Todas as idades são relegadas à primeira infância1, qualquer função se estuda unicamente neste nível evolutivo. A idade infantil se nos mostra reduzida à zona biologicamente limítrofe entre o modo de pensar do chimpanzé e do homem. (p. 166).

O objetivo desta introdução de Vigotski, como ele mesmo enuncia, é o de “oferecer ao estudioso um firme ponto de apoio que lhe sirva para assimilar criticamente o valioso material contido neste ‘Ensaio sobre o desenvolvimento espiritual da criança’ e para refletir de maneira consequente sobre as suas teses e fundamentos” (p. 166).
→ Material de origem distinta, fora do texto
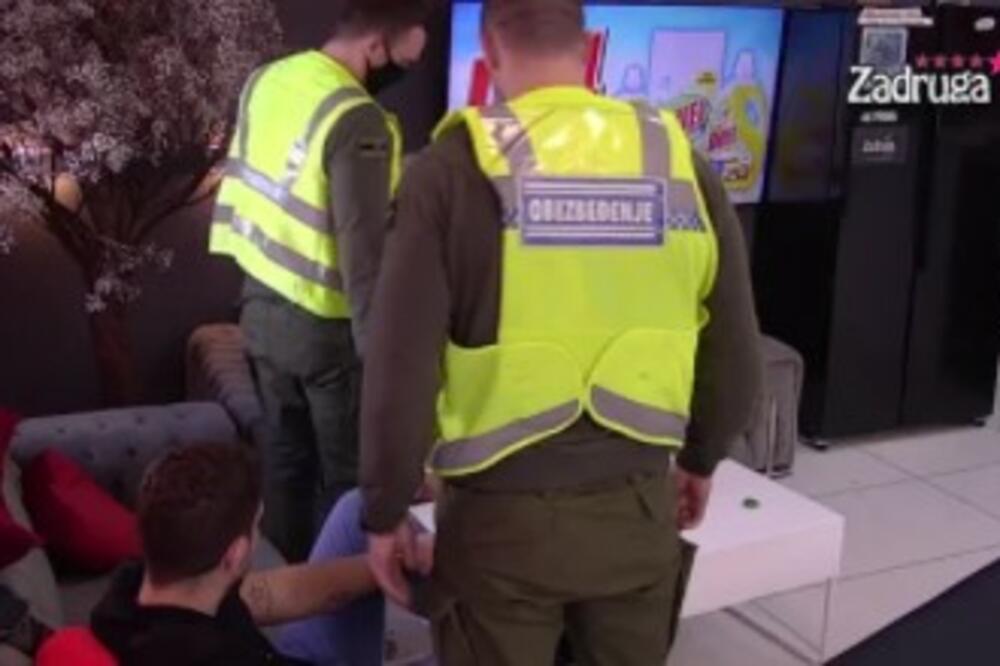 MUŠKA TUČA U ZADRUZI: Obezbeđenje hitno uletelo! (VIDEO)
Para finalizar esta apresentação, é preciso dizer que os pontos colocados nesta primeira seção da introdução de Vigotski ao livro de Bühler serão desenvolvidos em seu decorrer e mais bem esmiuçados tomando como contraponto os princípios teóricos da psicologia de Vigotski. Se lermos o último parágrafo do texto, apenas por curiosidade, teremos uma ideia de seu percurso:

Começamos assinalando que o principal erro metodológico no conjunto da teoria de Bühler consiste em não distinguir os fatores sociais dos fatores biológicos no desenvolvimento psicológico da criança e concluímos a nossa análise crítica de sua obra no mesmo ponto. Evidentemente, este é o alfa e o ômega de seu “Ensaio”. (p. 176).

Com isto, espero que esta apresentação sirva menos como um guia do que como um mapa que indica por onde começar e o que esperar da jornada pelo texto.

1 No texto em espanhol, “a la infância temprana y la primera infancia”. Em português, não há uma distinção semântica como esta: a primeira é uma idade infantil mais originária do que a segunda.